Seven figure income now commonplace among college basketball coaches, new study shows

Butler coach Brad Stevens watches his team practice on Friday, April 2, 2010, at Lucas Oil Stadium. (James Brosher / IU Student News Bureau)

When Butler faces Michigan State in Saturday’s first semi-final game of the Final Four, its small school, underdog story will manifest itself in ways beyond the court. Like in the coaches’ wallets.

In terms of the pay of the head coaches, Butler vs. Michigan State is a David vs. Goliath matchup. Michigan State coach Tom Izzo will make more than $3 million this year, making him one of only a handful of coaches in America above that threshold. Butler coach Brad Stevens’ guaranteed income for this school year falls below $400,000.

Pay gaps like this one are among the revelations in a new USA Today study that was published Friday in partnership with the IU National Sports Journalism Center. The study explored the coaches’ salaries of the 65 teams in the 2009 NCAA men’s tournament. More than half the teams in last year’s tournament featured a coach with a contract guaranteeing at least $1 million, and nine coaches made above $2 million. Four teams (Duke, Louisville, Kansas and Michigan State) paid its coach at least $3 million.

In a similar report from USA Today in 2006, only one coach – Kentucky’s Tubby Smith – earned more than $2 million.

Former University of Virginia men’s basketball coach Dave Leitao, now the president of the Indianapolis-based Black Coaches and Administrators, told IU journalism students this week that coaches’ salaries reflect the fact that college basketball is now a “multi-million dollar business.” 

For a team like Michigan State, “multi-million” defines its athletic budget. The Spartans’ athletic program had operating revenue of $79.3 million, and $81.4 million in total operating expenses in 2008-09, according to another USA Today report published in January.

Izzo, who is coaching in his sixth Final Four this weekend, will earn $3,083,300 in income this academic year, and potentially another $850,000 in incentives. In the study, Izzo only trailed Duke’s Mike Krzyzewski, Louisville’s Rick Pitino and Kansas’ Bill Self in annual income.

During a news conference at Lucas Oil Stadium in Indianapolis on Friday, Izzo said coaches now must spend more time dealing with players in off-court situations. But he also said that, in the big picture, not much has changed for coaches during their careers.

“I don’t think there are a million things that have really changed,” Izzo said.

So why do coaches’ salaries continue to increase?

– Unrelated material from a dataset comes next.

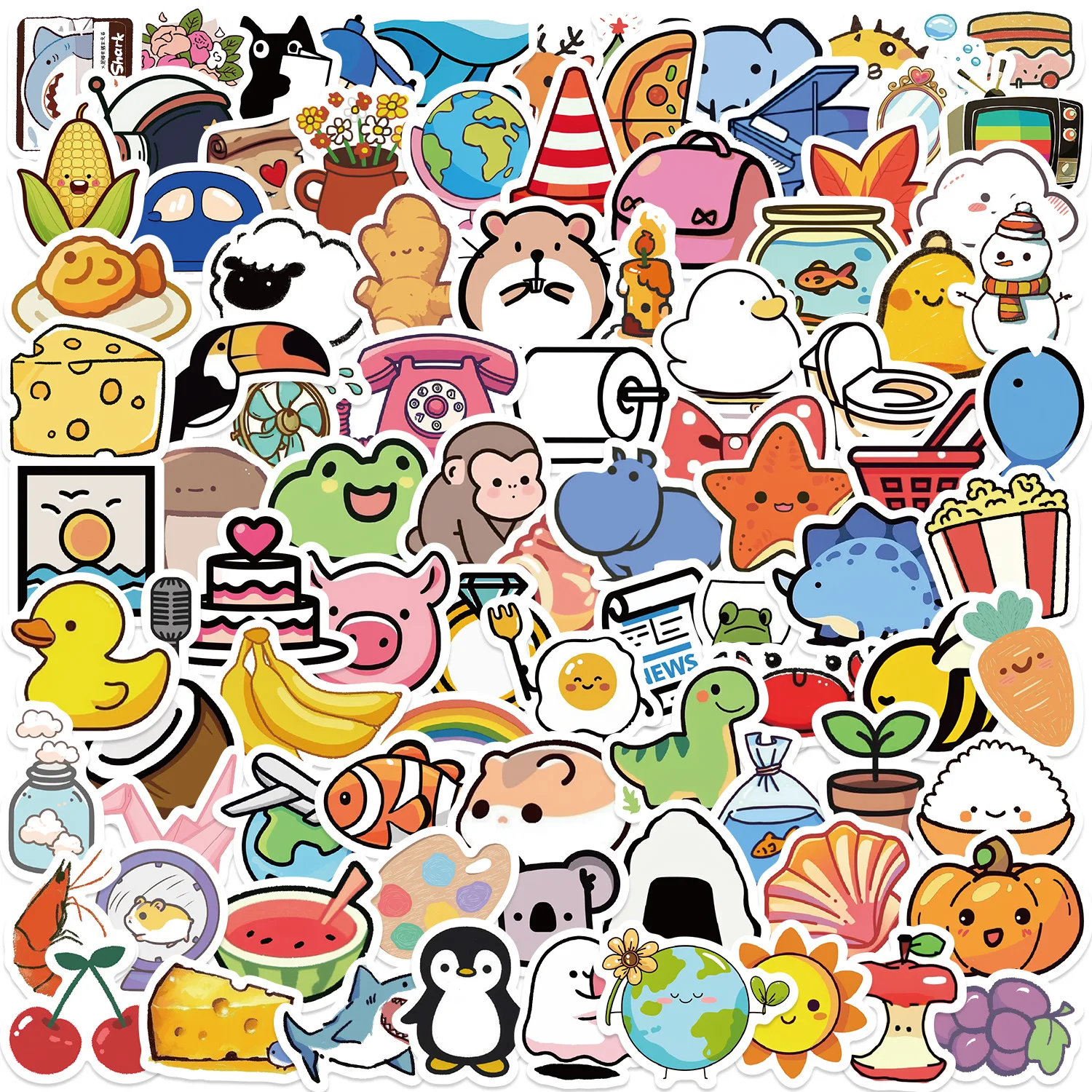 100 pçs bonito mini animais alimentos graffiti adesivos portátil telefone guitarra notebook mala copo à prova dwaterproof água dos desenhos animados adesivo crianças brinquedo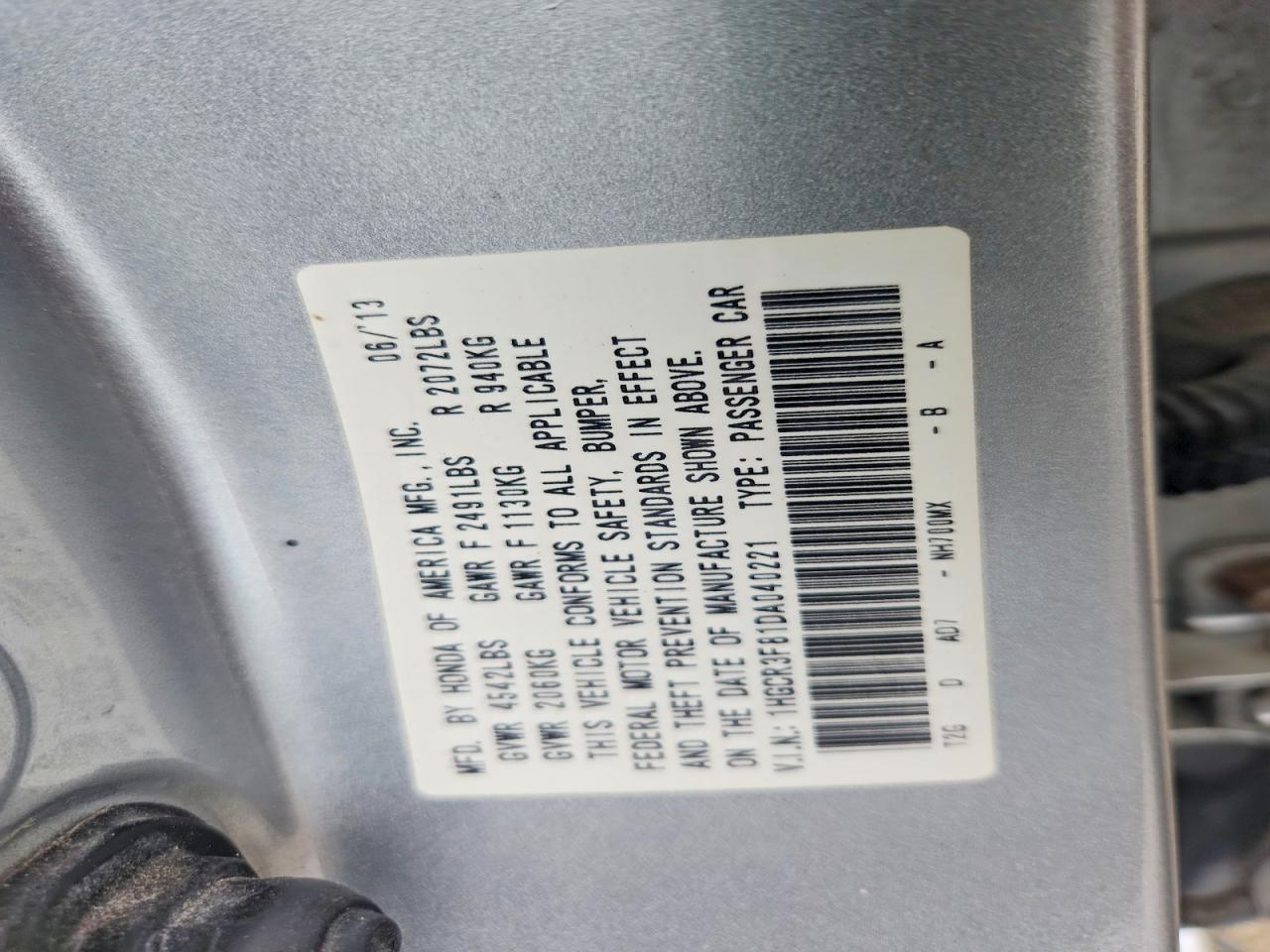 2013 Honda Accord Exl Silver vin: 1HGCR3F81DA040221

For one thing, college basketball is a thriving business.

“I think it’s like anything else, it’s what the market bears,” West Virginia coach Bob Huggins said.

Krzyzewski, the highest paid coach in the study with $4.1 million in compensation this school year, echoed Huggins.

“If you’re at a program for a long time, if you’re at a school for a long time, you become much more than just a basketball coach at the school,” Krzyzewski said Friday. “You become an ambassador for the school.”

For his part, Leitao said that with higher salaries come heightened expectations. He speaks from experience. Two years after being named the Atlantic Coast Conference Coach of the Year, Leitao resigned amid school pressure after a 10-18 season and last place finish in the ACC.

“The expectations are monumental in what the administration wants a coach to do,” Leitao said. “It has become a lot more difficult job.”

For schools outside the major power conferences, the expectations often remain high, even if the pay isn’t. 

For example, Wake Forest was the only tournament qualifier last year from the major six major college athletic conferences that paid its coach under $1 million. In contrast, no coaches from the non-power conferences reached seven figures. Portland State qualified for the 2009 tournament with coach Tyler Geving making $120,000 per year.

One goal for smaller schools often is for the institution to earn name recognition through the tournament, such as Butler this season or George Mason, which made a Final Four run in 2006. In an effort to do that, Leitao said coaching turnover becomes more prevalent. This year, 30 schools have made coaching changes since the end of the regular season, and 23 of the coaches are from non power-conferences.

“The upside of those expectations is a Butler, which has become the darling of the NCAA Tournament,” Leitao said. “The downside is coaches losing their jobs – a lot unfairly.”

For schools small and large, Leitao doesn’t think the increased salaries will slow down.

“I don’t see salary caps coming for coaches,” Leitao said. “Is there going to be a day when a college coach makes $5 million or $7 million? The money keeps rolling in and it has got to go somewhere.”

A team of Indiana University journalists is reporting for the Final Four Student News Bureau, a project between IU’s National Sports Journalism Center and the NCAA at the men’s tournament in Indianapolis.